In matrix form, the system is
[tex]\dfrac{\mathrm d}{\mathrm dt}\begin{bmatrix}x\\y\end{bmatrix}=\begin{bmatrix}1&1\\4&1\end{bmatrix}\begin{bmatrix}x\\y\end{bmatrix}[/tex]
First find the eigenvalues of the coefficient matrix (call it [tex]\mathbf A[/tex]).
[tex]\det(\mathbf A-\lambda\mathbf I)=\begin{vmatrix}1-\lambda&1\\4&1-\lambda\end{vmatrix}=(1-\lambda)^2-4=0\implies\lambda^2-2\lambda-3=0[/tex]
[tex]\implies\lambda_1=-1,\lambda_=3[/tex]
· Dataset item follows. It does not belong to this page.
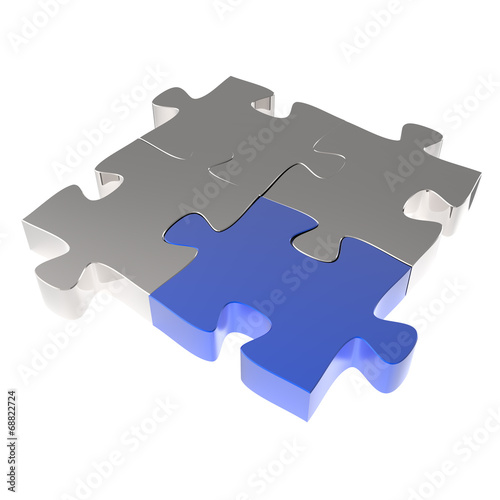 3d puzzles partnership as concept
Find the corresponding eigenvector for each eigenvalue:
[tex]\lambda_1=-1\implies(\mathbf A+\mathbf I)\vec\eta_1=\vec0\implies\begin{bmatrix}2&1\\4&2\end{bmatrix}\begin{bmatrix}\eta_{1,1}\\\eta_{1,2}\end{bmatrix}=\begin{bmatrix}0\\0\end{bmatrix}[/tex]
[tex]\lambda_2=3\implies(\mathbf A-3\mathbf I)\vec\eta_2=\vec0\implies\begin{bmatrix}-2&1\\4&-2\end{bmatrix}\begin{bmatrix}\eta_{2,1}\\\eta_{2,2}\end{bmatrix}=\begin{bmatrix}0\\0\end{bmatrix}[/tex]
[tex]\implies\vec\eta_1=\begin{bmatrix}1\\-2\end{bmatrix},\vec\eta_2=\begin{bmatrix}1\\2\end{bmatrix}[/tex]
Then the system has general solution
[tex]\begin{bmatrix}x\\y\end{bmatrix}=C_1\vec\eta_1e^{\lambda_1t}+C_2\vec\eta_2e^{\lambda_2t}[/tex]
or
[tex]\begin{cases}x(t)=C_1e^{-t}+C_2e^{3t}\\y(t)=-2C_1e^{-t}+2C_2e^{3t}\end{cases}[/tex]
Given that [tex]x(0)=1[/tex] and [tex]y(0)=2[/tex], we have
[tex]\begin{cases}1=C_1+C_2\\2=-2C_1+2C_2\end{cases}\implies C_1=0,C_2=2[/tex]
so that the system has particular solution
[tex]\begin{bmatrix}x\\y\end{bmatrix}=\begin{bmatrix}e^{3t}\\2e^{3t}\end{bmatrix}[/tex]